[[ DATA FOR THIS TASK, beginning ]]
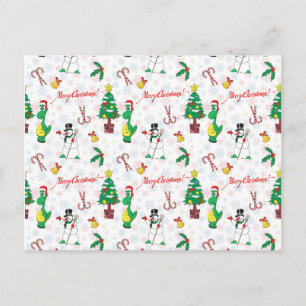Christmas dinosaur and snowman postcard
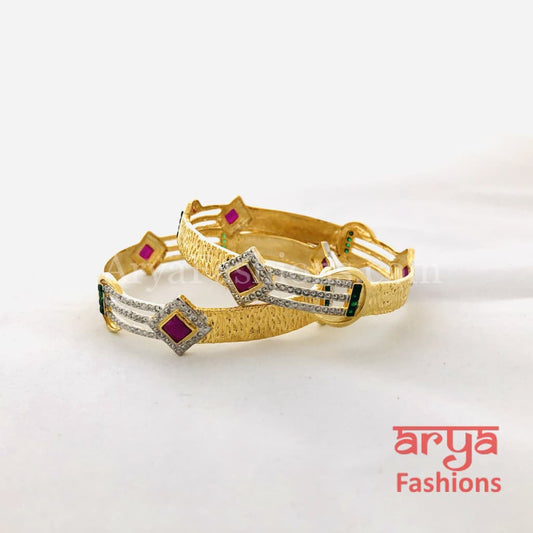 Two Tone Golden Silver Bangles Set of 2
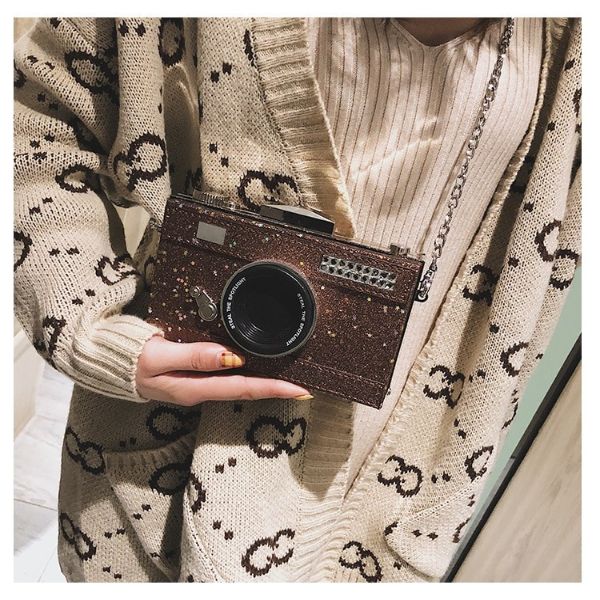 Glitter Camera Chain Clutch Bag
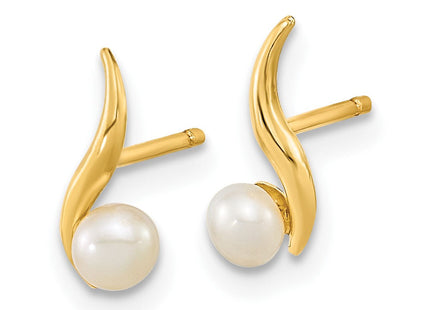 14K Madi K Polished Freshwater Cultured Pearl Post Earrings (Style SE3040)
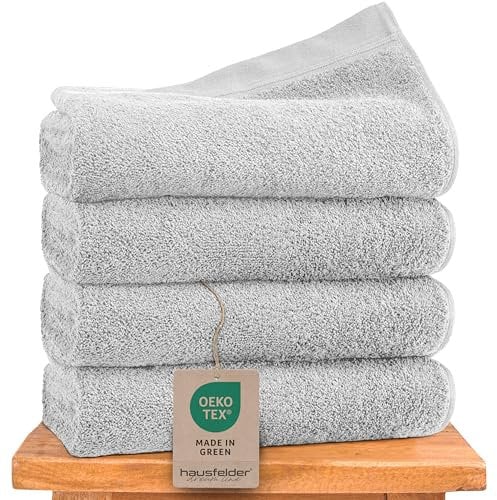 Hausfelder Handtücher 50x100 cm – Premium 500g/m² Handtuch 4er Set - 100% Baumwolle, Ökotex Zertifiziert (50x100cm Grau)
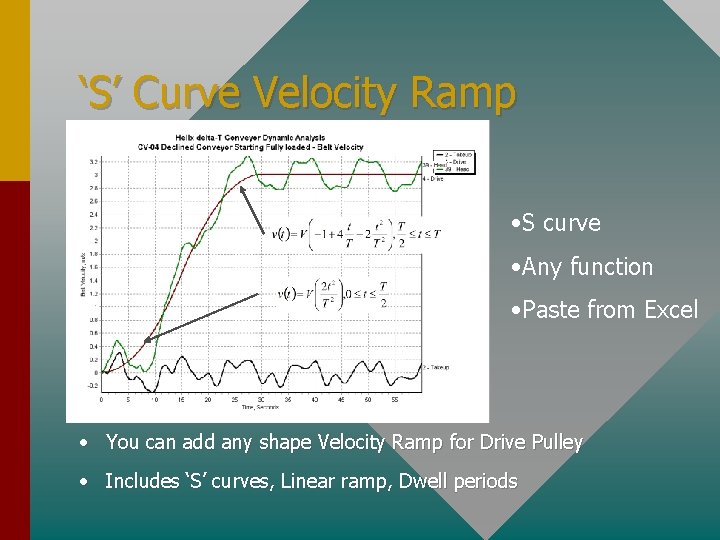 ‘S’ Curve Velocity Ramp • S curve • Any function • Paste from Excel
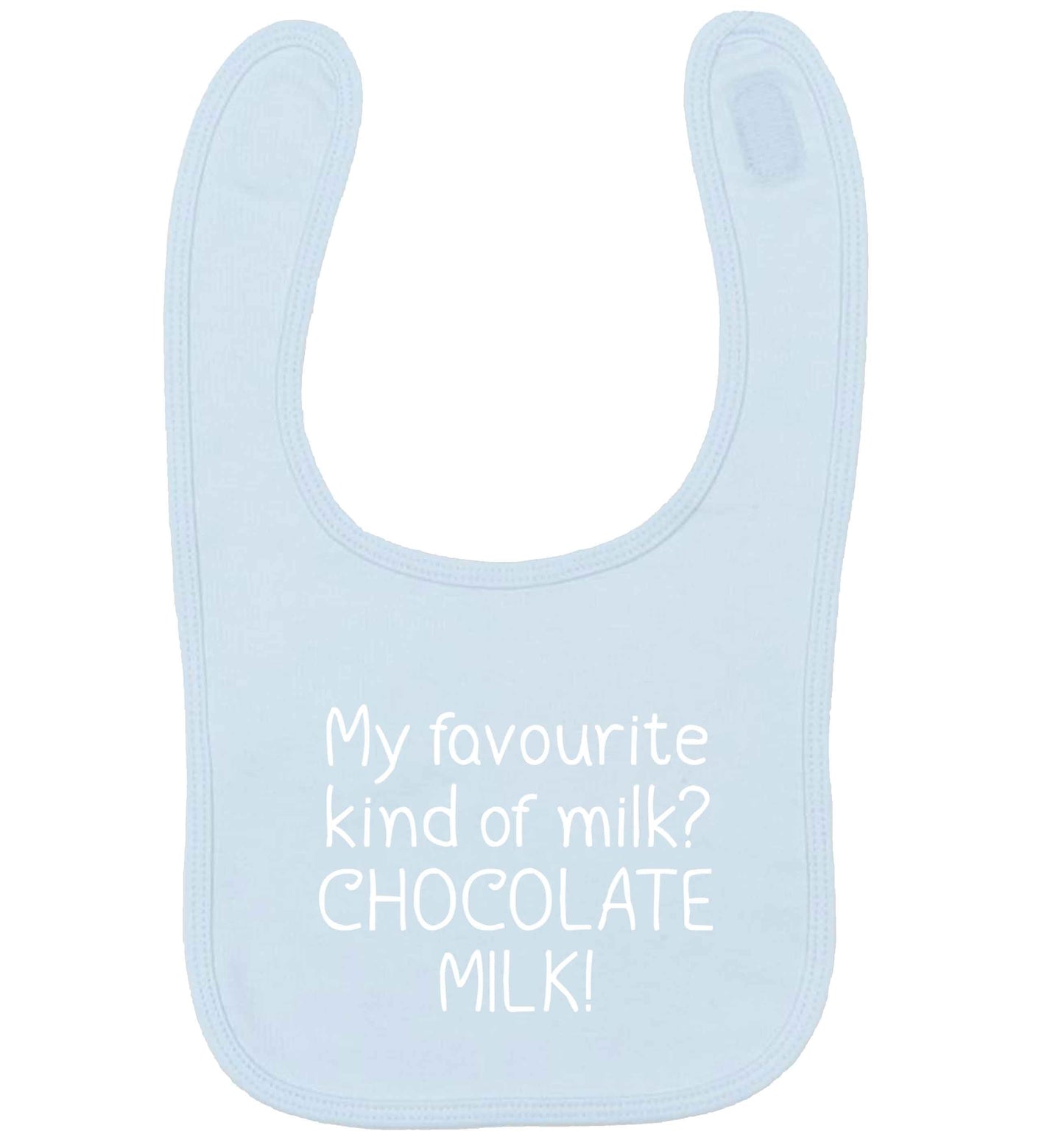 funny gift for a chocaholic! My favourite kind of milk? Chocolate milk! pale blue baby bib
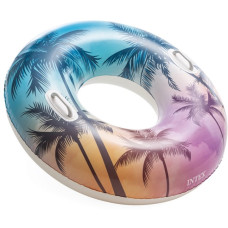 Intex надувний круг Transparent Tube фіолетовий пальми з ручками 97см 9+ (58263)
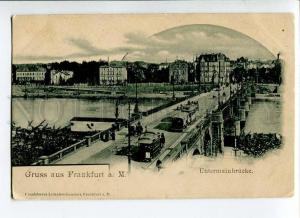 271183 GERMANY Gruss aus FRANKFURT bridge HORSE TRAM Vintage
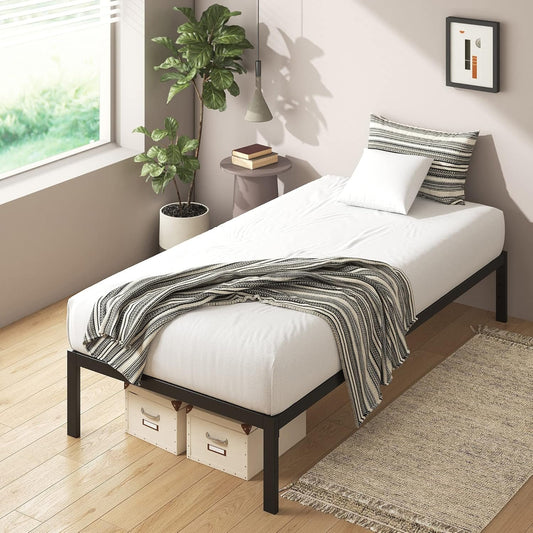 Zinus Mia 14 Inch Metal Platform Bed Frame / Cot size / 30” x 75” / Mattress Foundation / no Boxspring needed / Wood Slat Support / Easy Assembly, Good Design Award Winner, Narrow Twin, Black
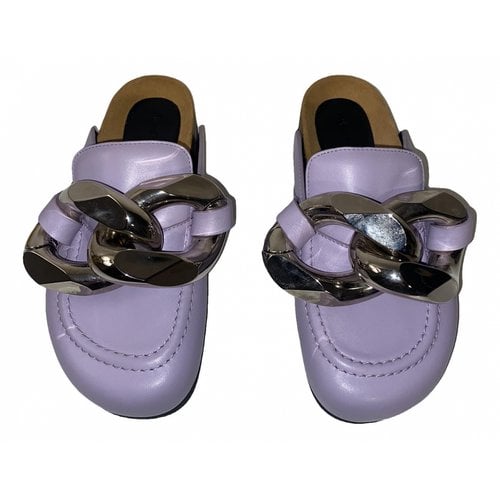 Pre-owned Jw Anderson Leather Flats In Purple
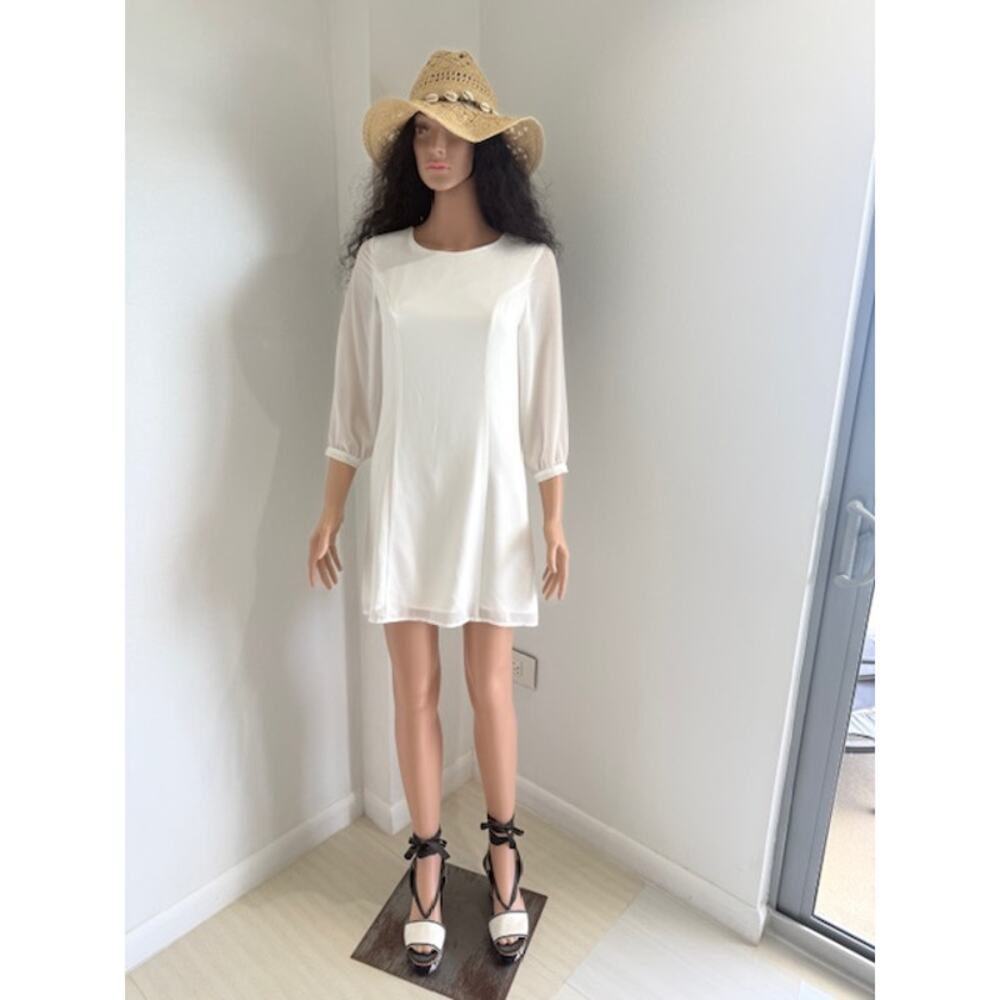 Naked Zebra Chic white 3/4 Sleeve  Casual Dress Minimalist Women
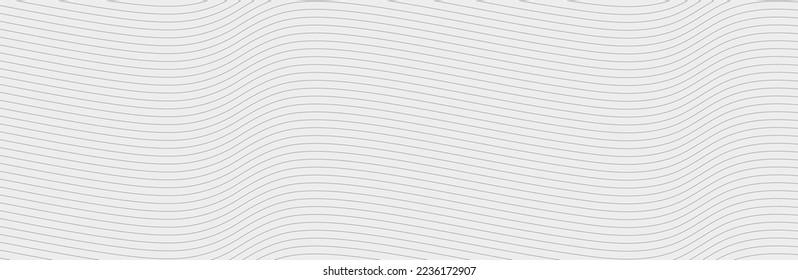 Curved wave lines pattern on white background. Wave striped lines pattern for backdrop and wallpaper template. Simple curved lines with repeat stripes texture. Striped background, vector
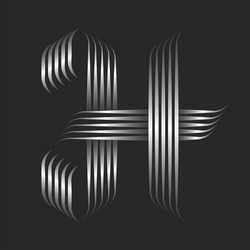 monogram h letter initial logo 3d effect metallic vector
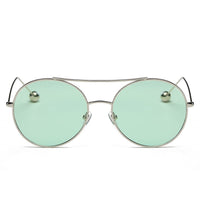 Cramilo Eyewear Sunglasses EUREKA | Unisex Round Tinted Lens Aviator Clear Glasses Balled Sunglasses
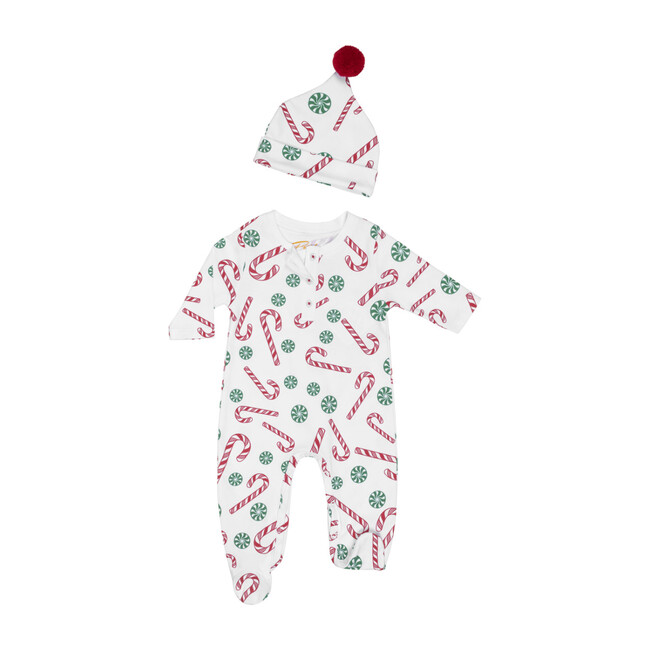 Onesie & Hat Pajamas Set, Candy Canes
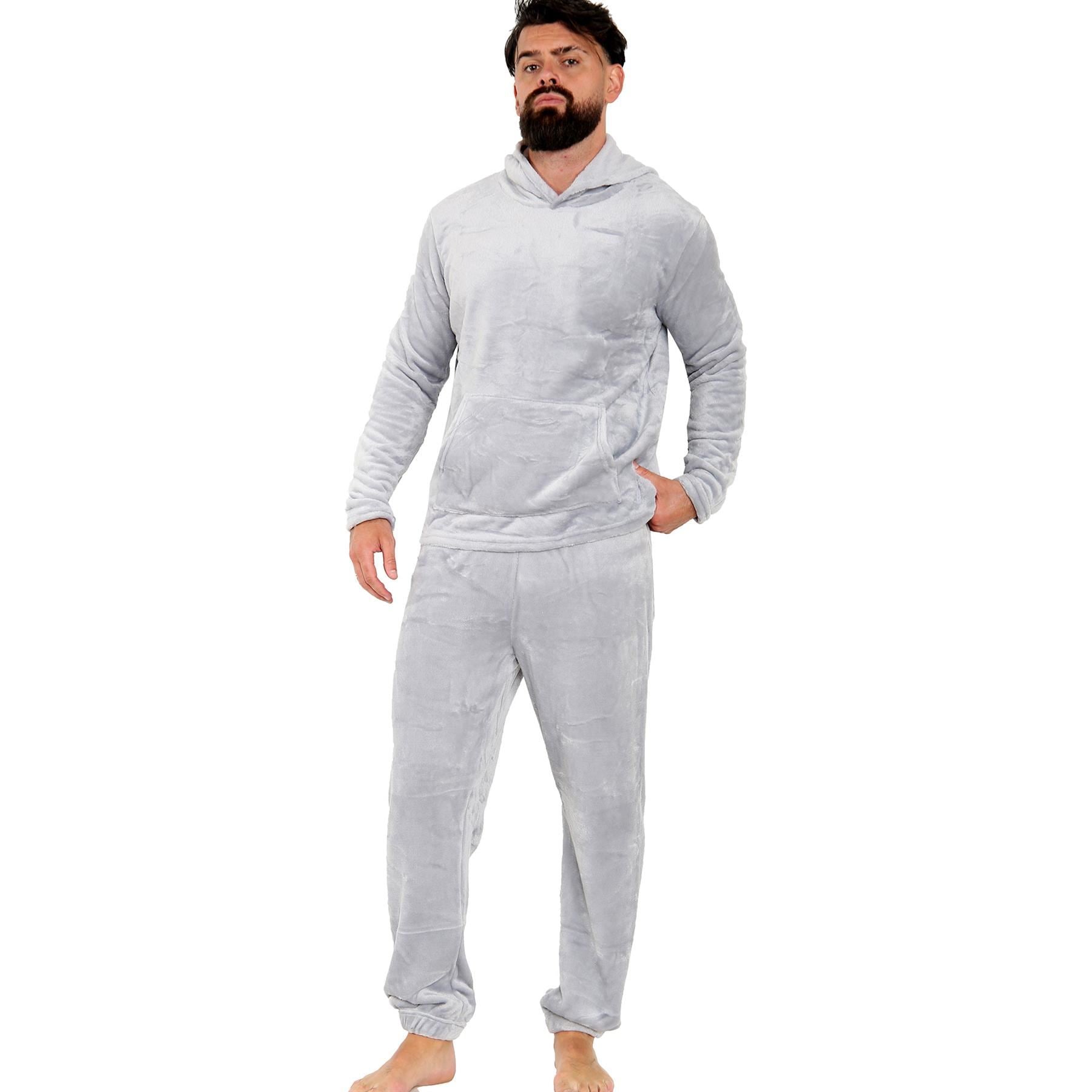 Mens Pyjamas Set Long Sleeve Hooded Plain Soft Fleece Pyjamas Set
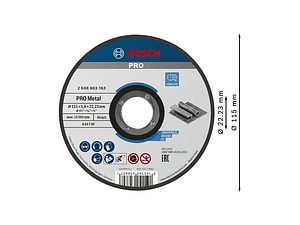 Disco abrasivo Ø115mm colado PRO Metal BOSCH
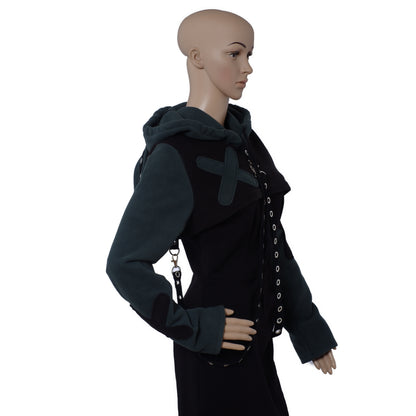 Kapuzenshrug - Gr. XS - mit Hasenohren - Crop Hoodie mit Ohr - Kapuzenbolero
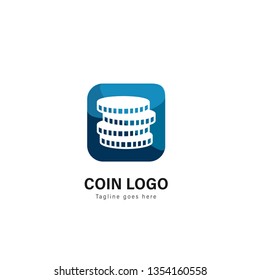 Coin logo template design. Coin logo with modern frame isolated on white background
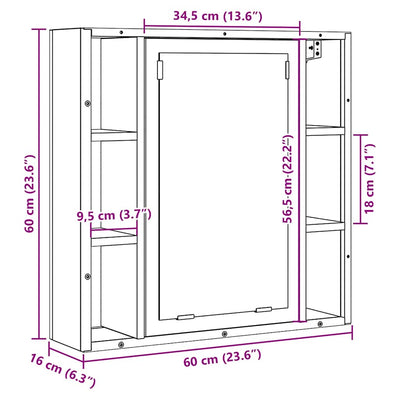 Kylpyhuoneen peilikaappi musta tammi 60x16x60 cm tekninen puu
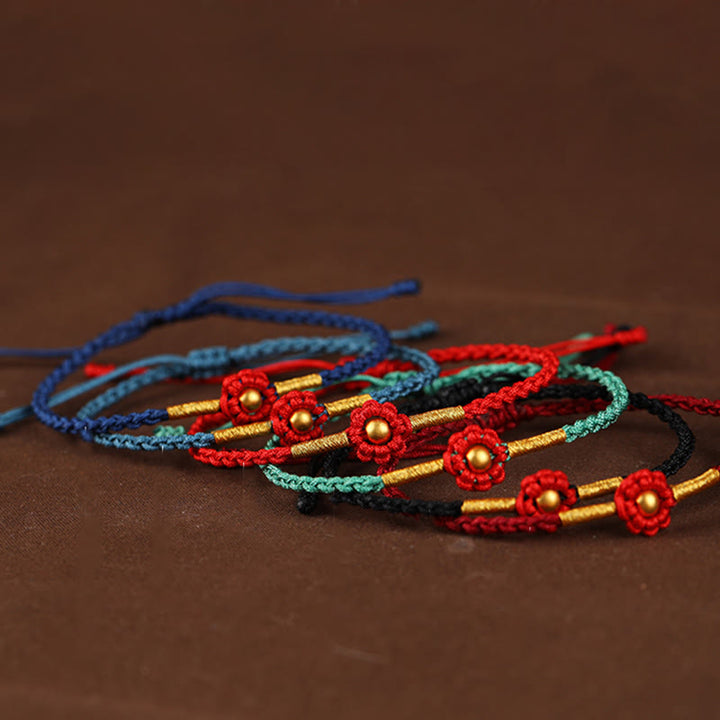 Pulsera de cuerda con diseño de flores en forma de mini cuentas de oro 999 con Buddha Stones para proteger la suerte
[[ DATA FOR THIS TASK, end ]]
## WORK REQUEST
From the data above, retype only the lines starting with the line with "Glitter Camera Chain Clutch Bag" and going on through the line with "Curved wave lines", exactly, leaving out the pictures.

## FINISHED EXERCISE
 Glitter Camera Chain Clutch Bag
 14K Madi K Polished Freshwater Cultured Pearl Post Earrings (Style SE3040)
 Hausfelder Handtücher 50x100 cm – Premium 500g/m² Handtuch 4er Set - 100% Baumwolle, Ökotex Zertifiziert (50x100cm Grau)
 ‘S’ Curve Velocity Ramp • S curve • Any function • Paste from Excel
 funny gift for a chocaholic! My favourite kind of milk? Chocolate milk! pale blue baby bib
 Intex надувний круг Transparent Tube фіолетовий пальми з ручками 97см 9+ (58263)
 271183 GERMANY Gruss aus FRANKFURT bridge HORSE TRAM Vintage
 Zinus Mia 14 Inch Metal Platform Bed Frame / Cot size / 30” x 75” / Mattress Foundation / no Boxspring needed / Wood Slat Support / Easy Assembly, Good Design Award Winner, Narrow Twin, Black
 Pre-owned Jw Anderson Leather Flats In Purple
 Naked Zebra Chic white 3/4 Sleeve  Casual Dress Minimalist Women
 Curved wave lines pattern on white background. Wave striped lines pattern for backdrop and wallpaper template. Simple curved lines with repeat stripes texture. Striped background, vector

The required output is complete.